Current State of CVD Genetics. CVD has a strong genetic component based on heritability
estimates that range between 40-60% [20-23]. These results are corroborated by genome-wide
association studies (GWAS), where in the 10 years after the initial identification of the major
CAD locus on 9p21 [24-26] over 100 additional genomic regions were identified for CVD
outcomes [27]. However, just in the last four years alone, the number of susceptibility loci for
CAD, MI, PAD, and stroke has tripled to >300 [28-37]. These discoveries were made possible,
5
in part, through the establishment of collaborative consortia that have harnessed the cumulative
power of meta-analyzing summary statistics across multiple case-control datasets as well as large
population-based cohorts, such as the UK Biobank [38], FinnGen [39], and Biobank Japan [40].

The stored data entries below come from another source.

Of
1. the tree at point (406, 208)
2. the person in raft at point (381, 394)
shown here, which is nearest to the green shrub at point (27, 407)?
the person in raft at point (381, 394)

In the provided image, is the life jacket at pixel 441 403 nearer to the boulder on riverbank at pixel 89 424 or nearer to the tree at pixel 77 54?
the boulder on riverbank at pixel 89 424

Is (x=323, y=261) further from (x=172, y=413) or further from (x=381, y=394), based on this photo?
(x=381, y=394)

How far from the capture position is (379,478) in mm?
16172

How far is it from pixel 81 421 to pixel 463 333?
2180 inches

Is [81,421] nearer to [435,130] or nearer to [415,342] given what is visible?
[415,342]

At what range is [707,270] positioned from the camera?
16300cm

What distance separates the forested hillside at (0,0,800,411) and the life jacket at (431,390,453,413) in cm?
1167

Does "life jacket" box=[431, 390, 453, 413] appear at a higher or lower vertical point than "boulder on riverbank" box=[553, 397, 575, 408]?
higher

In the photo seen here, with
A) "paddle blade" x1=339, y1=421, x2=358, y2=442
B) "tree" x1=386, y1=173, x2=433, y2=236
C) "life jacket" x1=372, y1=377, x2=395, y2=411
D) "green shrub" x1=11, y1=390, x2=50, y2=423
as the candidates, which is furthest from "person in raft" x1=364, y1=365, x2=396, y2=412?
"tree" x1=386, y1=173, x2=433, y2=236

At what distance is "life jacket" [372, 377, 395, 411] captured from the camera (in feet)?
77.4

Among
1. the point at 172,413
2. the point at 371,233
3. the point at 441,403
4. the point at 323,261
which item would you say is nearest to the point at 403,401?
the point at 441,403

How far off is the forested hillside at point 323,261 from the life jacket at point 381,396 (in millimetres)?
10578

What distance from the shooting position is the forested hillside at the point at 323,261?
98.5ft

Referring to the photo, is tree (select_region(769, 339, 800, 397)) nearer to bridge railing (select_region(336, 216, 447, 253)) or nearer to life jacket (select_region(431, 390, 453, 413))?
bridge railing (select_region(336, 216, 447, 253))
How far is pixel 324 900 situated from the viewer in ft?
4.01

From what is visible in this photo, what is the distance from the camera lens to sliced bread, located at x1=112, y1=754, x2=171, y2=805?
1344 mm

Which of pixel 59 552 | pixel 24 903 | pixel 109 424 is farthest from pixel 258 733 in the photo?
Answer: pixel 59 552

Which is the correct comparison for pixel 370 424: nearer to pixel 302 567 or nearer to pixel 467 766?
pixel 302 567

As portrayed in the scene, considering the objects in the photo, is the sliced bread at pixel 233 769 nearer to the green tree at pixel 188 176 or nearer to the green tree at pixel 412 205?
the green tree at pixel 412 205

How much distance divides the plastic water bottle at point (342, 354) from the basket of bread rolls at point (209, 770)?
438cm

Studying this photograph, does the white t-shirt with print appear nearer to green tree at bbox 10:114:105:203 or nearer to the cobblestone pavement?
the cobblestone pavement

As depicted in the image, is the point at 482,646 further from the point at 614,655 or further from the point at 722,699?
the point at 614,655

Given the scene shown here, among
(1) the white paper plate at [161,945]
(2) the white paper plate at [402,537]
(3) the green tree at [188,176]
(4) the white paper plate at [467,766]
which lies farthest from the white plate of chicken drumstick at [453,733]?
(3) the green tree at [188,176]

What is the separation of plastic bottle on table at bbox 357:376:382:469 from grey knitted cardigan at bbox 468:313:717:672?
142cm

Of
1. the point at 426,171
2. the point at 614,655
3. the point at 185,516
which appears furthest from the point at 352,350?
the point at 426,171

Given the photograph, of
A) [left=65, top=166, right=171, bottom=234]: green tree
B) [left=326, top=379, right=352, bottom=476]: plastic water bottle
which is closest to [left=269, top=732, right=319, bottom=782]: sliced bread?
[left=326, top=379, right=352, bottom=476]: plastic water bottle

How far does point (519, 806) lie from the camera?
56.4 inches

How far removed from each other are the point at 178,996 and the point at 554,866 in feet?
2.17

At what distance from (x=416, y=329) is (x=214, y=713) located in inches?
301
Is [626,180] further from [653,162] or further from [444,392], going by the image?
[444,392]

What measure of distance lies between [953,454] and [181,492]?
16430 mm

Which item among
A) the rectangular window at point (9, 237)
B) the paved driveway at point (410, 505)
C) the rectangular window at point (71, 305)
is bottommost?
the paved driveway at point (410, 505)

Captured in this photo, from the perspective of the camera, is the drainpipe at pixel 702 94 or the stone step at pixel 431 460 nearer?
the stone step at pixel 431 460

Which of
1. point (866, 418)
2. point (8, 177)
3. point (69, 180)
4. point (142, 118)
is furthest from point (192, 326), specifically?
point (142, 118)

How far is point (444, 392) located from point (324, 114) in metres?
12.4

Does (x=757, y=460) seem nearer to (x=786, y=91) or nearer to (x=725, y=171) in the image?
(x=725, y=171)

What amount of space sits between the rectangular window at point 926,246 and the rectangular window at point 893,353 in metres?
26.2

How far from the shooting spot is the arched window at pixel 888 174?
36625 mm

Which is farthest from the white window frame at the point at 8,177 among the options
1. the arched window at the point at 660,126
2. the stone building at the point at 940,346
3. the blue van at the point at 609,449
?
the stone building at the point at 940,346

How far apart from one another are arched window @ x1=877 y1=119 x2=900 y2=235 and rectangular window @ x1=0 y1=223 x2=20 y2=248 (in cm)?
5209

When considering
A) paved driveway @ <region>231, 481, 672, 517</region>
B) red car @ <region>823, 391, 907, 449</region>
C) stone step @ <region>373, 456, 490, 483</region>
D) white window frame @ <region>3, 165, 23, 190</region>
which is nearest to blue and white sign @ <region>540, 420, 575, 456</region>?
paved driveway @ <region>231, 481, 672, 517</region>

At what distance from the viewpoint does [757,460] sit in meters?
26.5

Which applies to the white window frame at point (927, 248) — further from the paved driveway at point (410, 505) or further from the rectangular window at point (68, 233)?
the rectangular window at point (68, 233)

Notably, the results of these large GWAS meta-analyses provide further evidence that loci
influence risk of CVD via perturbations of lipid metabolism, blood pressure regulation,
inflammation, and coagulation, but an obvious underlying biological mechanism for a majority
of the association signals is not readily apparent. Furthermore, the risk alleles at nearly all
identified loci are common in the population and only explain ~20% of the overall heritability
for CVD outcomes [34]. Thus, it has been postulated that there are other unrecognized
contributions from additional common or rare variants, and/or highly penetrant susceptibility
alleles.
If the results of the last few years are any indication, additional common risk alleles for CVD
will undoubtedly be revealed by even larger GWAS that are already starting to include over one
million individuals. However, the effect sizes of such alleles will be even weaker than those
already identified and therefore, not likely to explain a significant fraction of the remaining socalled missing heritability. In this regard, rare variants have also been previously associated with
CVD risk through exome chip or sequencing analysis, with some exhibiting large effect sizes.

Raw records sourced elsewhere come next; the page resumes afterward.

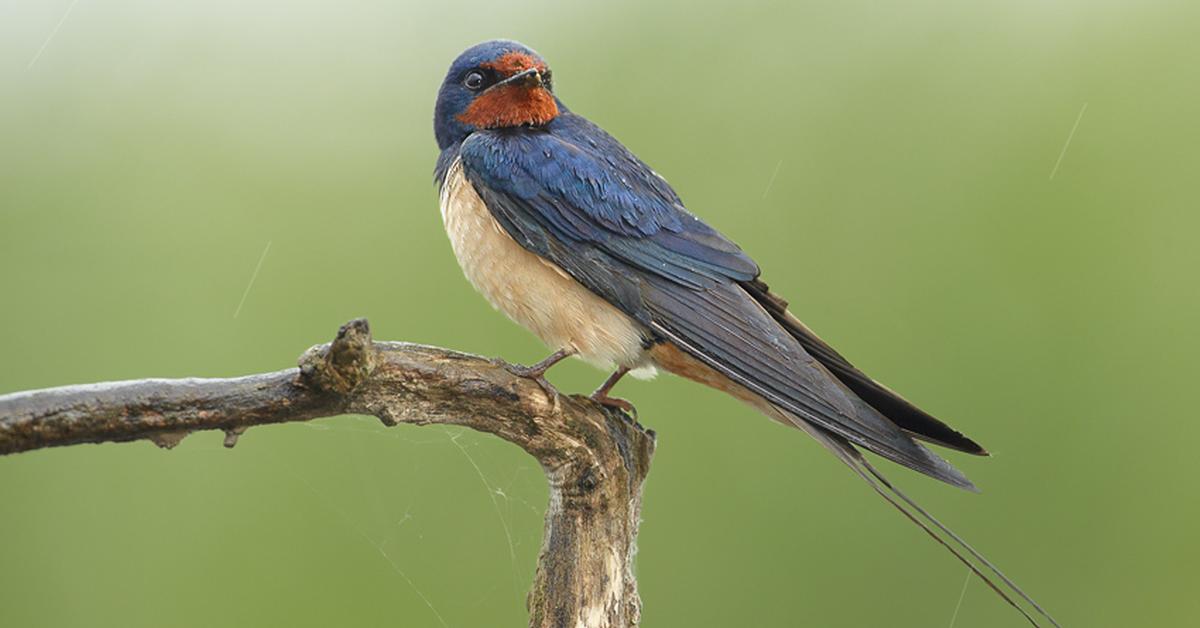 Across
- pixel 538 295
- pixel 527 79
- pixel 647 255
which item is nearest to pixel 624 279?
pixel 647 255

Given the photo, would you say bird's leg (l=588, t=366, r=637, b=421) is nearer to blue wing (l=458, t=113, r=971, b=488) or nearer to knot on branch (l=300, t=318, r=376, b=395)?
blue wing (l=458, t=113, r=971, b=488)

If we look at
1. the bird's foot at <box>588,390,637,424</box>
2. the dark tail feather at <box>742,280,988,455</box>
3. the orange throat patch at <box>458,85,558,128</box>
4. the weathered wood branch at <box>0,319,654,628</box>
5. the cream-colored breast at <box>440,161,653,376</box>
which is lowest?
the weathered wood branch at <box>0,319,654,628</box>

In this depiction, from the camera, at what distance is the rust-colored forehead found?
8.86ft

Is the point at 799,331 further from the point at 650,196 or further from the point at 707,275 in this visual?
the point at 650,196

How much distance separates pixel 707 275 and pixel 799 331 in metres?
0.22

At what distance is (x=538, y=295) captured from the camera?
2.54 m

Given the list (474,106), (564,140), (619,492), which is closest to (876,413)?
(619,492)

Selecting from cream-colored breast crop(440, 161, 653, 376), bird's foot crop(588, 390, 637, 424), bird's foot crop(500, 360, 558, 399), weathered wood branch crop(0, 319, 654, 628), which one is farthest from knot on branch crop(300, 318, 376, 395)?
bird's foot crop(588, 390, 637, 424)

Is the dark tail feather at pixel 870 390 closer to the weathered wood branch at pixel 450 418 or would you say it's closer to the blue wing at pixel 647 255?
the blue wing at pixel 647 255

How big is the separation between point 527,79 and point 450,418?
0.85 metres

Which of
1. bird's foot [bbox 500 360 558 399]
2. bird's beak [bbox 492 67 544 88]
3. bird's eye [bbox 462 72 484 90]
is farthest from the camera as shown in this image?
bird's eye [bbox 462 72 484 90]

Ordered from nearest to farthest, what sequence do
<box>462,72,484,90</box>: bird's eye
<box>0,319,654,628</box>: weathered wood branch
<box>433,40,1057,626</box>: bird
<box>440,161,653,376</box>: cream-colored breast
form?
<box>0,319,654,628</box>: weathered wood branch, <box>433,40,1057,626</box>: bird, <box>440,161,653,376</box>: cream-colored breast, <box>462,72,484,90</box>: bird's eye

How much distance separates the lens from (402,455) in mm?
3334

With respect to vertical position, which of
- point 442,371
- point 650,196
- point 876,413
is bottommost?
point 442,371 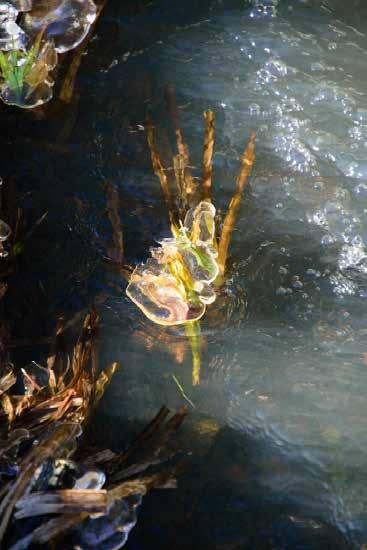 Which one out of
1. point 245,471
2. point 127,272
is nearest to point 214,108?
point 127,272

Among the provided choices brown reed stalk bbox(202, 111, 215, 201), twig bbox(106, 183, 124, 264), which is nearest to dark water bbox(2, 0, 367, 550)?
twig bbox(106, 183, 124, 264)

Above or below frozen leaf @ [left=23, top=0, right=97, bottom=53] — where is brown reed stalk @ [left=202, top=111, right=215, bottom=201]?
below

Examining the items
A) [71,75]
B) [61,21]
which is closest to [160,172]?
[71,75]

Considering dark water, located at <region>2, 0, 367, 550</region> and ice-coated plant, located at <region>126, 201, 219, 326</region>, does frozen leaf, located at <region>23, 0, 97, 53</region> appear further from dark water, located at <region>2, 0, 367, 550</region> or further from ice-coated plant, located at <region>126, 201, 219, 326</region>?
ice-coated plant, located at <region>126, 201, 219, 326</region>

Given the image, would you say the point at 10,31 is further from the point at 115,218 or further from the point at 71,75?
the point at 115,218

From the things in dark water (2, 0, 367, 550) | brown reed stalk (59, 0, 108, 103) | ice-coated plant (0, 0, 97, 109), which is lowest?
dark water (2, 0, 367, 550)

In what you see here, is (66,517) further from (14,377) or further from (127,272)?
(127,272) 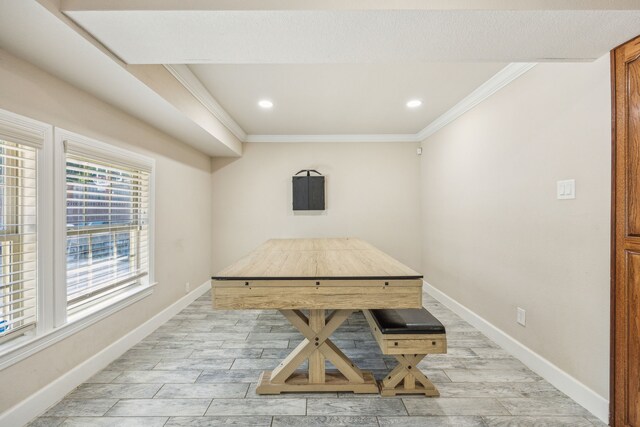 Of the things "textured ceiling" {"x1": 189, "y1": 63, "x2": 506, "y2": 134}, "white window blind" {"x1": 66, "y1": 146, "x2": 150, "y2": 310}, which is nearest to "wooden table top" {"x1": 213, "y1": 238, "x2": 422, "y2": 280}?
"white window blind" {"x1": 66, "y1": 146, "x2": 150, "y2": 310}

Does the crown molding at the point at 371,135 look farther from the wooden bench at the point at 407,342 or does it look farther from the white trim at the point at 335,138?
the wooden bench at the point at 407,342

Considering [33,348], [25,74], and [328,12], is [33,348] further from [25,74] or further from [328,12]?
[328,12]

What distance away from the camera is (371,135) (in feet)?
14.9

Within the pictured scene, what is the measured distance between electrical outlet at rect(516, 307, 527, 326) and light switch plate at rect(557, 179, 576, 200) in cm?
93

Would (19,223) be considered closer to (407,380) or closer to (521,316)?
(407,380)

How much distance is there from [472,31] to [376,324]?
5.54 ft

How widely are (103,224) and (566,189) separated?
3378mm

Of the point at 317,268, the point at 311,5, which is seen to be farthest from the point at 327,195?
the point at 311,5

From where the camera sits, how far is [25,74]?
5.37 feet

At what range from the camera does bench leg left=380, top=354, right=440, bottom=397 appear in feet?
5.95

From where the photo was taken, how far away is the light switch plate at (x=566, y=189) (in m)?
1.85

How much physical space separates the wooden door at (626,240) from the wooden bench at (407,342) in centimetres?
87

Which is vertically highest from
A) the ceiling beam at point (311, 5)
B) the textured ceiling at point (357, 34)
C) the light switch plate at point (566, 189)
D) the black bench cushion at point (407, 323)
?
the ceiling beam at point (311, 5)

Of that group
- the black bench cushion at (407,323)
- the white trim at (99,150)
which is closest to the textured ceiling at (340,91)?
the white trim at (99,150) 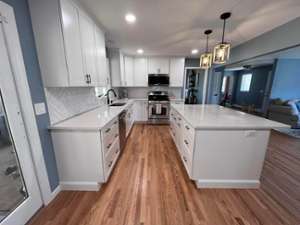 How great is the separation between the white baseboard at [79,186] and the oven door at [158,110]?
314cm

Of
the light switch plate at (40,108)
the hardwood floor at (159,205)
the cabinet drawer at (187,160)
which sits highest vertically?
the light switch plate at (40,108)

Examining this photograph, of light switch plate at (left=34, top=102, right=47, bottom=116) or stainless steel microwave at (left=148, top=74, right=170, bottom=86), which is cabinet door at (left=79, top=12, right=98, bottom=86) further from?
stainless steel microwave at (left=148, top=74, right=170, bottom=86)

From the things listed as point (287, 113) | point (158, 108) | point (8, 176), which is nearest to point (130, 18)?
point (8, 176)

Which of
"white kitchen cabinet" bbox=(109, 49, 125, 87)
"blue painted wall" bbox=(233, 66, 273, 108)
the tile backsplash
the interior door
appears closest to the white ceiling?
"white kitchen cabinet" bbox=(109, 49, 125, 87)

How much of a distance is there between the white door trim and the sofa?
6.24 metres

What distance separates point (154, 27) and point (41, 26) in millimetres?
1771

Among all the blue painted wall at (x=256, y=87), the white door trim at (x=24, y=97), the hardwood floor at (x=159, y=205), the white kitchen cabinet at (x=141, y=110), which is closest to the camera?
the white door trim at (x=24, y=97)

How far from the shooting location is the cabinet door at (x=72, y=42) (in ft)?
4.81

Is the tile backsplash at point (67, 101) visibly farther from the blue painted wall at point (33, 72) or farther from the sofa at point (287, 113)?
the sofa at point (287, 113)

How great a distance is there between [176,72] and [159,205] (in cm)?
431

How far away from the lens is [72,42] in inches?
62.7

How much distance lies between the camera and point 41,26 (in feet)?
4.53

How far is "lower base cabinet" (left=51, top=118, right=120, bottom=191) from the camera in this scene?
64.7 inches

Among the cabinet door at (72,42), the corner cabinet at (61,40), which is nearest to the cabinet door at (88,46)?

Even so, there have still been far fewer rare variants identified for CVD than common single
nucleotide polymorphisms (SNPs) from GWAS [41]. Even with increased sample sizes in more
recent rare variant studies [42-47], the number of novel genes identified for CVD or related risk
factors has not appreciably increased. These observations suggest that rare variants may not
explain a significant fraction of the genetic risk for CVD, although it is still possible that
expansion of rare variant analysis to the entirety of population-based biobanks or more subjects
6
of non-European ancestry could increase the evidence that this class of variants still has
unrecognized significant contributions to mediating CVD risk.
Overview of gene-exposure (GxE) Interactions. From a statistical perspective, GxE
interactions are defined as those where the combined effect of genotype and exposure differs
significantly from the additive effects of genotype and exposure (Figure 1). A straightforward
example for such synergy would be where the effect of smoking on CAD is significantly greater
among carriers of a risk allele than the effect of smoking observed in non-carriers (Figure 1). To
test for such an interaction, a multiplicative interaction term (GxE) can be included in a standard
statistical model along with genotype (G) and exposure (E). Alternatively, genetic analyses can
be carried out in exposed and non-exposed groups separately, followed by interaction tests to
determine whether effect sizes are significantly different between the two exposure groups. This
exact latter approach was used to investigate gene-smoking interactions for risk of CAD and
identified a functional genetic variant upstream of ADAMTS7 that reduced its expression [48].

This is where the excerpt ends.